Data to examine: Begin

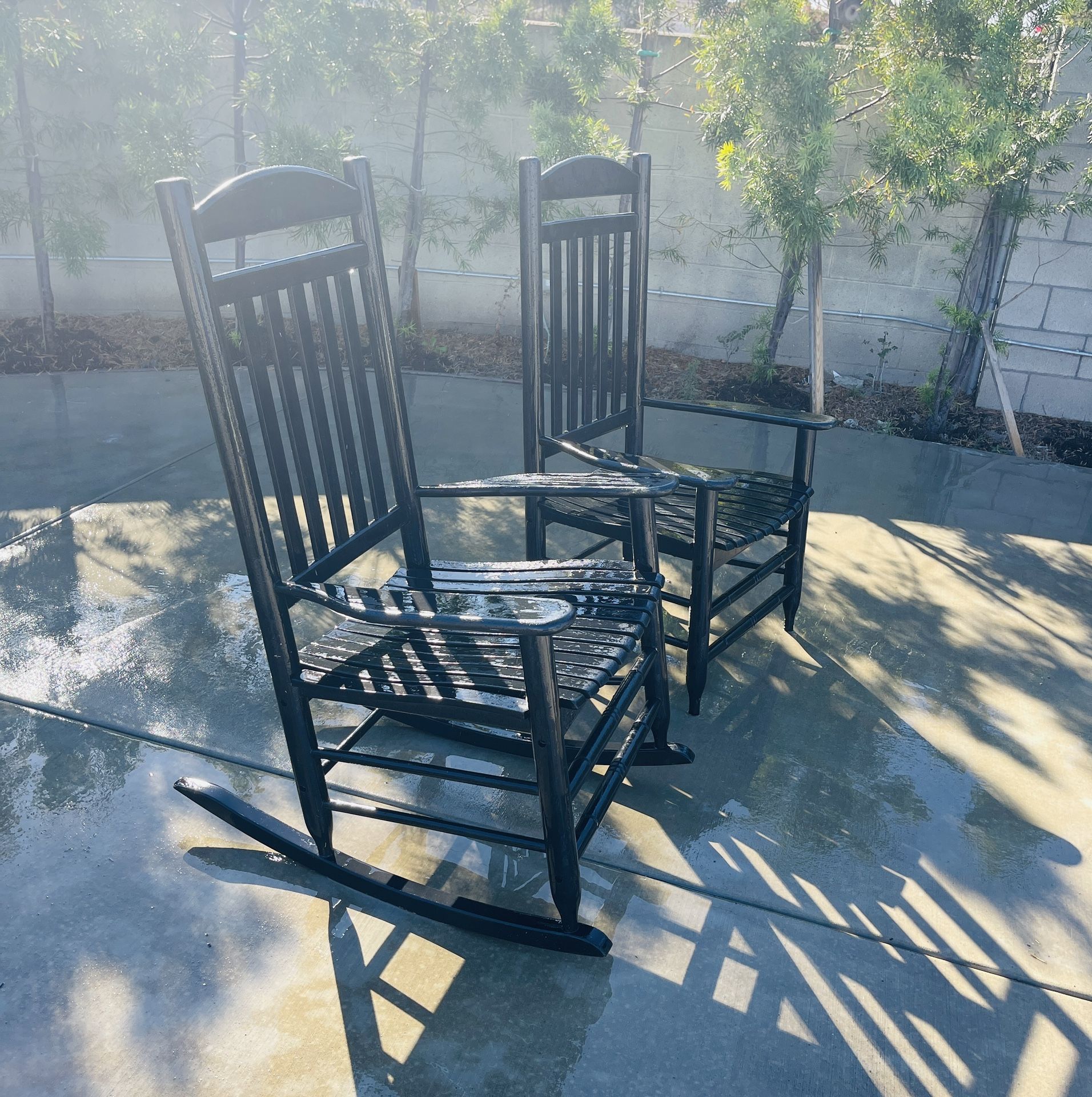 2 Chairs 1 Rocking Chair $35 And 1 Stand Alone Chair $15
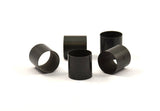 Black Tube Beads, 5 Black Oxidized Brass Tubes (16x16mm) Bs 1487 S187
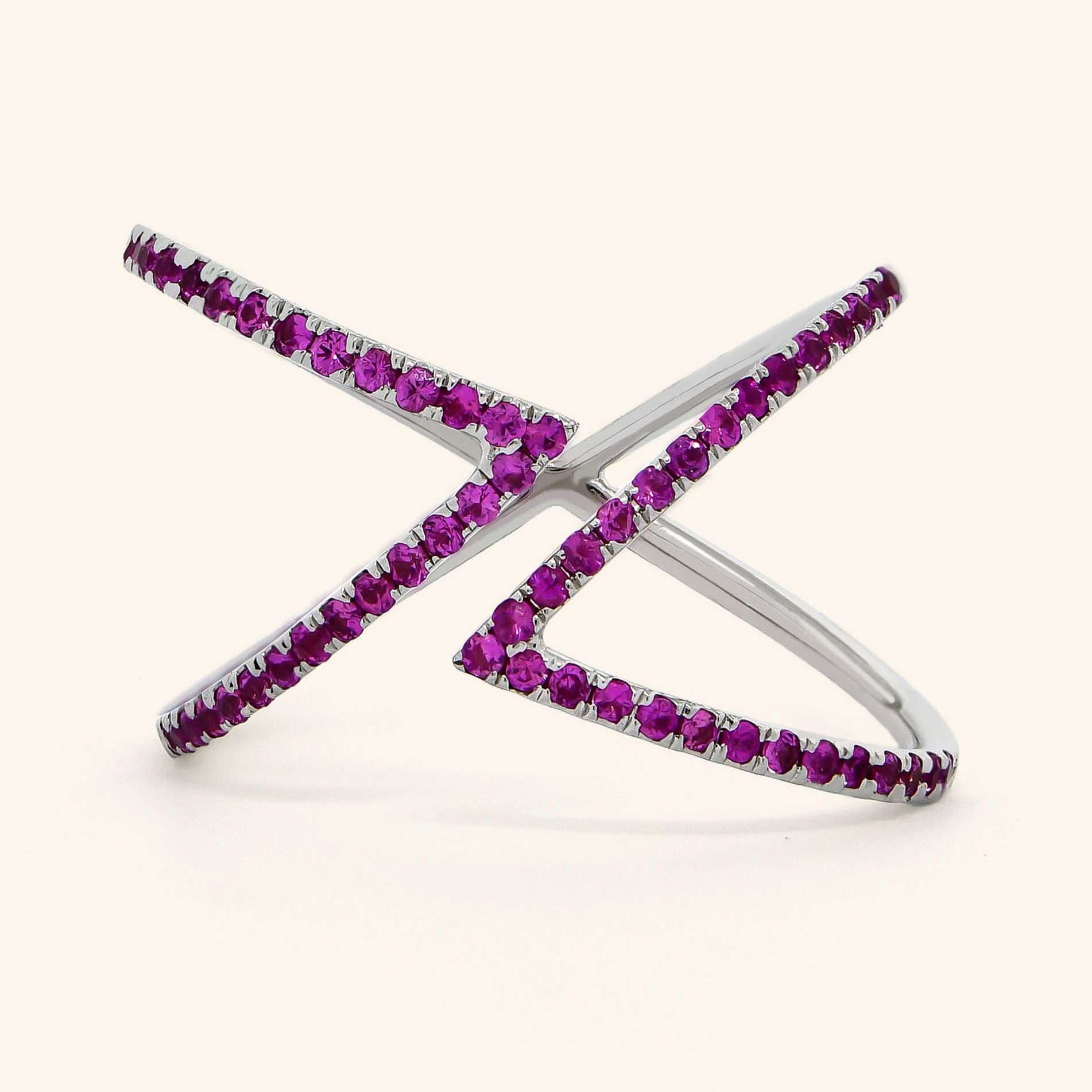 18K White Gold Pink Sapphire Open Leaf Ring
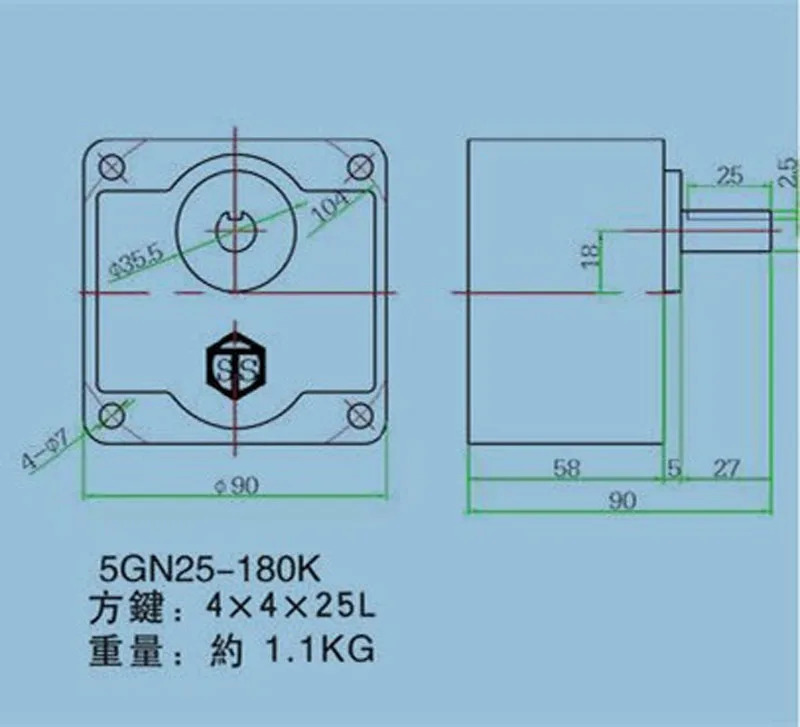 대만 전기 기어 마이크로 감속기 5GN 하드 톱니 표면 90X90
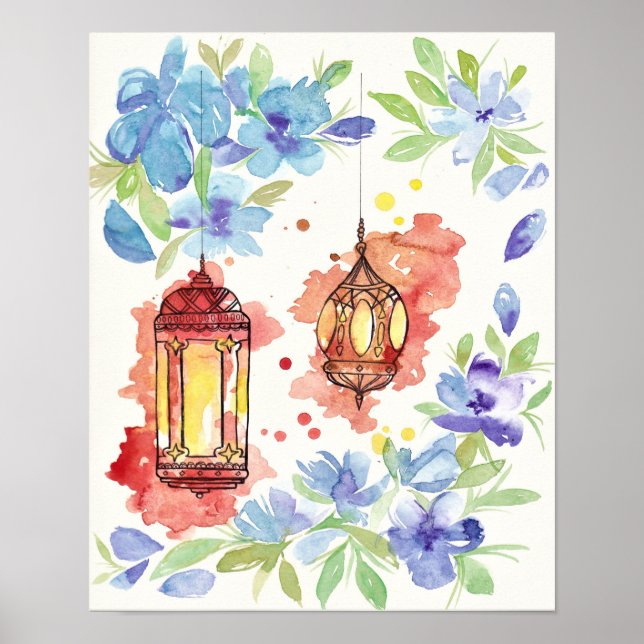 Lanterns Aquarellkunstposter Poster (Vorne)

Data to examine: End
Data to examine: Begin

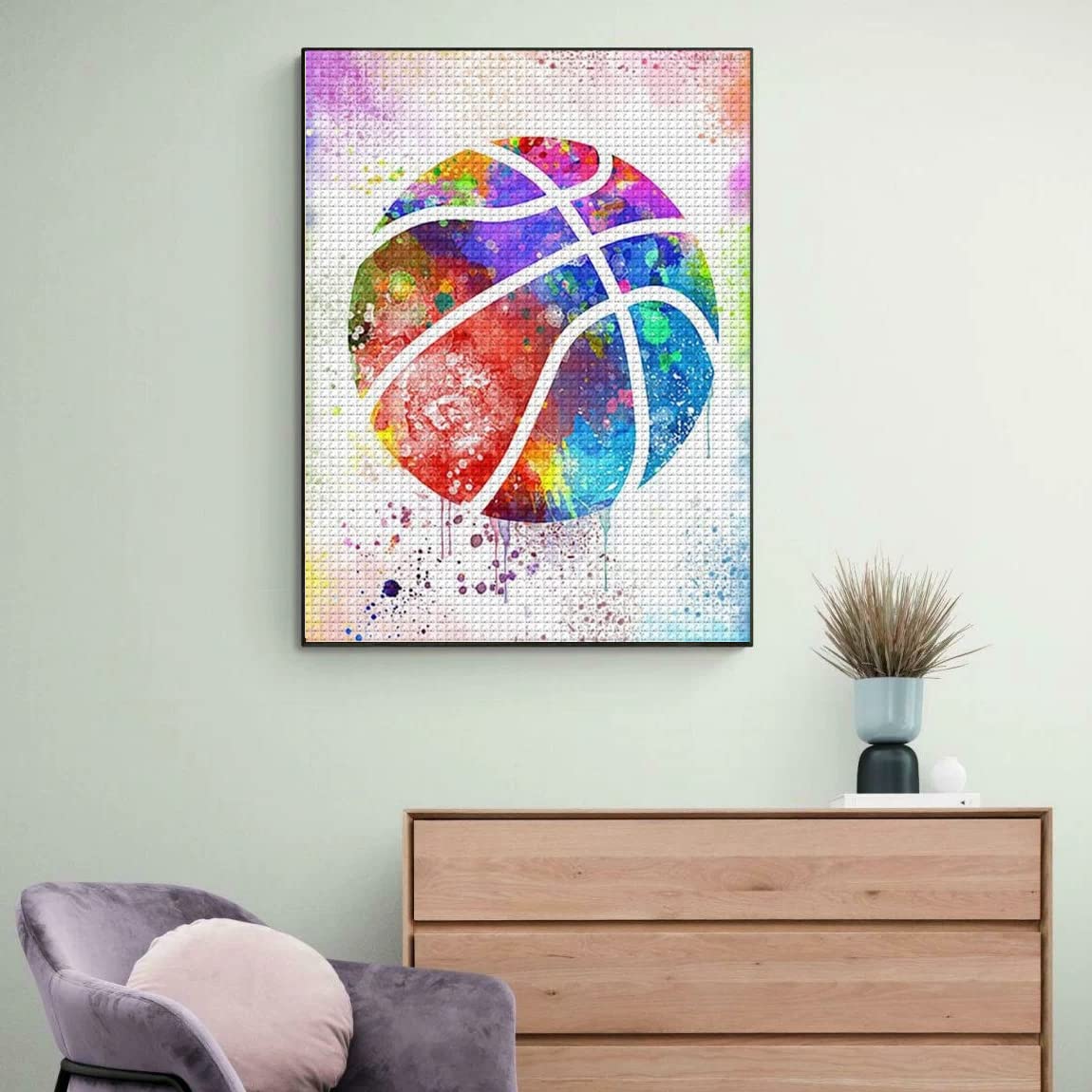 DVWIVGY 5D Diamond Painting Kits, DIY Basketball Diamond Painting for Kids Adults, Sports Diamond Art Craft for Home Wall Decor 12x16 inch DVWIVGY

Data to examine: End

If a picture sits between the line containing "Black Tube Beads, 5" and the line containing "Lanterns Aquarellkunstposter Poster (Vorne)", leave it out, and return the lines of that range above exactly, both ends included.

**Output of the task:**
 Black Tube Beads, 5 Black Oxidized Brass Tubes (16x16mm) Bs 1487 S187
 18K White Gold Pink Sapphire Open Leaf Ring
 대만 전기 기어 마이크로 감속기 5GN 하드 톱니 표면 90X90
 Lanterns Aquarellkunstposter Poster (Vorne)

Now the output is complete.